Within the past 3–4 days, the national dailies have highlighted at least 6–7 rape and assault cases of minors, homeless and whom not? Prior to it, there were cases wherein the crime was “measured” and the criminal set free on reasons that just don’t go down the gut.

A 6-year old was abducted from the footpath where she slept with her homeless parents and then raped. A civil volunteer was tortured, raped and murdered. A 14-year-old spoke of her assault a year later out of fear. Another 14-year-old was abducted from Pune station and gang-raped. A young athlete, a future asset, was raped and murdered. This all happened within a few days.

woman in dark
Representative Image. (Source: piqsels)

It’s boiling to read all of it. Imagine the conflict and pain they’ve been struggling with daily due to a trauma they didn’t deserve. And what about the minors? Do they even understand the concept of lust which attacks them and puts on their shoulders a nightmare, fear that they may never come out of?

And now, the case that is being politicised, more so after the suffered soul decided to leave this brutal world yesterday—the Sakinaka Mumbai rape case.

A woman thrown out of her house by her mother for having “too many fights” and was left alone with two minor daughters by her husband was raped inside a van at 3 a.m. The details genuinely make every heartbeat faster out of dread. I apologise; I can’t type them with these shivering hands.

A bystander, a watchman, did inform the police, but for God’s sake, had he taken an immediate step, we’d have probably not lost the woman. The police did come, but that Rakshas fled away. They claim they’ve arrested him now.

They found the victim in a pool of blood, they say. Well, there was probably a greater ocean of pain inside her, a wave of cry that a lustful, immoral man tamed down, hundreds of whose like still walk undaunted.

The Aftermath

They did get her admitted, but she succumbed within around 33 hours of a sheer struggle, probably less with the physical pain and more with the lethal trauma. And we failed yet again. Do you get this? An act for temporary pleasure by means of inflicting harm on an unknown, on an innocent, just bombed not one but three lives.

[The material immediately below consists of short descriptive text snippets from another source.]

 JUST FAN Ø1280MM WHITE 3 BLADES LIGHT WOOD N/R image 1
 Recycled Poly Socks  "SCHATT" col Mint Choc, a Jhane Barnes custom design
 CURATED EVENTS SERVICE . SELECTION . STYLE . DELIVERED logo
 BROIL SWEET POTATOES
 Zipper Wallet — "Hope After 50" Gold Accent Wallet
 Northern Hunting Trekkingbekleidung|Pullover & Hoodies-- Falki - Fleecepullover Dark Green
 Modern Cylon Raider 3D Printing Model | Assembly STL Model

And what does she get in the name of justice? A few political promises and probably capital punishment to the accused some years down the lane? Now, while that is essential and much needed, it isn’t enough. Well, a party promises some quick “justice”, another blames them as if they themselves are clean of all blots. And the media would probably make a circus out of it.

Can any of it bring her back? Can any of it ensure that her two daughters, who face a fogged future now, would be guaranteed safety and that what happened to their mom would never happen to them?

Well, mind the fact here that no authority has mentioned her daughters or any preventive measures, which clearly shows that the ones we’ve been trusting are not concerned but work on ulterior motives. The little ones would surely grow with a fir of fear or anger. Like every previous instance, they’ve termed it “Nirbhaya” and wish to please the public by claims of some enquiries and punishments.

I mean, who would explain it to them that they can’t just bury an axe after it has cut down trees and be easy enough to say that no more would be cut down if they’re doing nothing to stop the iron that’s making those axes.

Capital punishment, though essential, but just to one or two of the perpetrators, out of the 1000s of them, is no shield to women. Rather, more the cases, greater the fear, lesser the chutzpah of ensuring one’s own safety and an ascending divide between the genders because, after all, the perpetrators are growing, and the mindset that is forging them is just not ending.

Terming a rape victim “Nirbhaya” doesn’t make the rest Nirbhaya (a fearless woman), rather increases the fear and suspicion over the opposite gender at once. No one fails to understand that cases are picked and chosen as per their potential of raising a political drama.

A Dalit or Muslim woman being raped never makes it to mainstream media. Rather it leaves the world with a stigma that no one fails to put on them and their families.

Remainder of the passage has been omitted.